Thuong recalled that once the unit stopped to rest and wash clothes near a stream, when they were suddenly attacked by the French in an attempt to capture them. One soldier in the unit luckily escaped, as the enemy could not catch him because he was naked and hairless.
After that incident, everyone, from the commander to the common soldiers in the unit preferred having shaved heads.
Professor L Hung Lam, contact officer for Tay Tien veterans, said that if all the members who had ever served in the unit could meet together today, they would number in the thousands.
“60 years have gone by, there only 82 of us left now, living across the country, who can gather here,” said Lam.
Lam added that, in March, 1947, the unit moved from Hoa Binh to the Vietnam-Laos border. After marching over the high mountains and jungles, upon arriving at Sam Nua (Laos), many of the soldiers’ feet had became as hard as rock.

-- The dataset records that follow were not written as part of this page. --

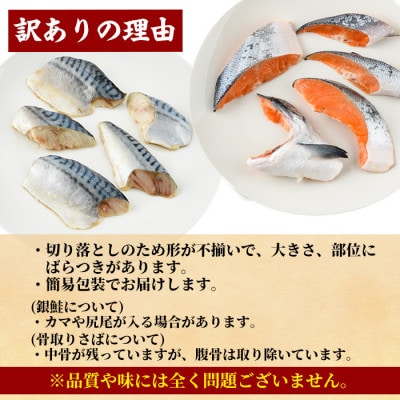 【訳あり】無塩 銀鮭と骨取りサバの切り落としセット(各500g×2袋)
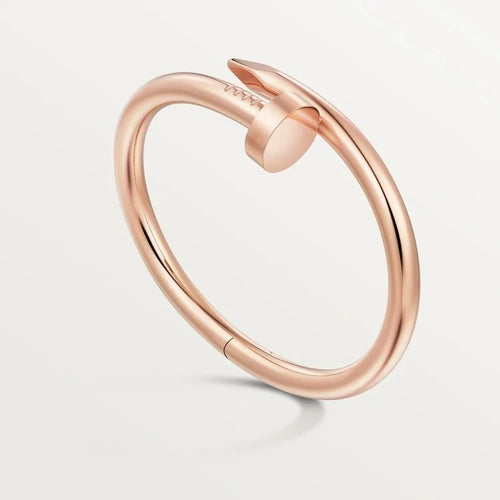 Elegant Pink Gold Nail-Inspired Bangle with Classic Metal Polish, large model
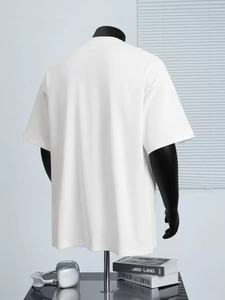 เสื้อยืดคอกลมแขนสั้นผ้าฝ้าย 100% พิมพ์โลโก้ได้ตามสั่ง แห้งเร็ว ระบายอากาศดี เป็นมิตรกับสิ่งแวดล้อม ทรงหลวม สไตล์ลำลอง ดีไซน์ทันสมัย - Product Image 4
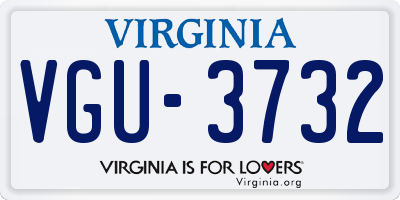 VA license plate VGU3732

The Tay Tien Regiment’s weapons were a mixture of various different makes and models, but most were very simple. In particular, there was a Muong ethnic minority soldier who used a bow and arrows; the enemy was very afraid of him.
“The Tay Tien Regiment soldiers were also quite good at martial arts and were always ready to sacrifice their lives for the country,” Lam added.
According to Lam, many of the 82 surviving Tay Tien veterans decided to stay and work in the North West, where they used to fight, after the end of the wars.
“Wherever we are, the spirit of the Tay Tien Regiment and their families is still there for the country and the people,” said Lam.